We present VLA observations of the distribution and kinematics of the PI I gas in the classical ring galaxy VII Zw 466 and its immediate surroundings. The H I gas corresponding to the bright optical star forming ring exhibits the typical profile of a rotating-expanding ring. The systemic velocity of the galaxy is found to be 14,468 +/- 25 km s(-1). A formal fit to the H I kinematics in the ring is consistent with both ring rotation and expansion (expansion velocity 32 km s(-1)). However, H I in the northeast quadrant of the ring is severely disturbed, showing evidence of tidal interaction.
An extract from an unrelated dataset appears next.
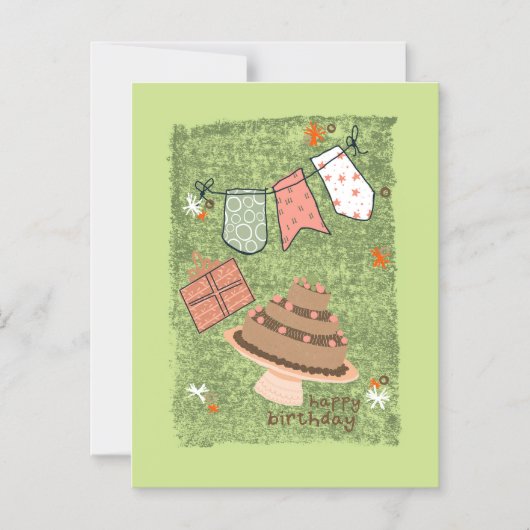 サバンナ誕生日 マグネット招待状 (正面)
In addition, fingers of H I gas extend from the galaxy to the east in the general direction of the two major companions. We also detect a hydrogen plume from the southern edge-on companion galaxy (G2) pointing toward the ring galaxy. This, and other peculiarities associated with G2 suggest that it is the intruder galaxy which recently collided with VII Zw 466 and formed the ring. Numerical hydrodynamic models are presented that show that most of the observed features can be accounted for as a result of the impact splash between two gas disks. The resultant debris is stretched by ring wave motion in the bridge and later forms accretion streams onto the two galaxies. Finally, we detect H I emission from two previously unknown dwarf galaxies located northeast and southeast of VII Zw 466, respectively. This brings the total number of members of the VII Zw 466 group to five. Using the projected mass method, the upper limit of the dynamical mass of the group was estimated to be M(0) = 3.5 x 10(12) M(circle dot), which implies that the mass-to-light ratio of the group is (M/L)(group) approximate to 70. This rather low value of M/L, as compared with other loose groups, suggests the group may be in a state of collapse at the present time. Plunging orbits would naturally lead to an enhanced probability of head-on collisions and ring galaxy formation.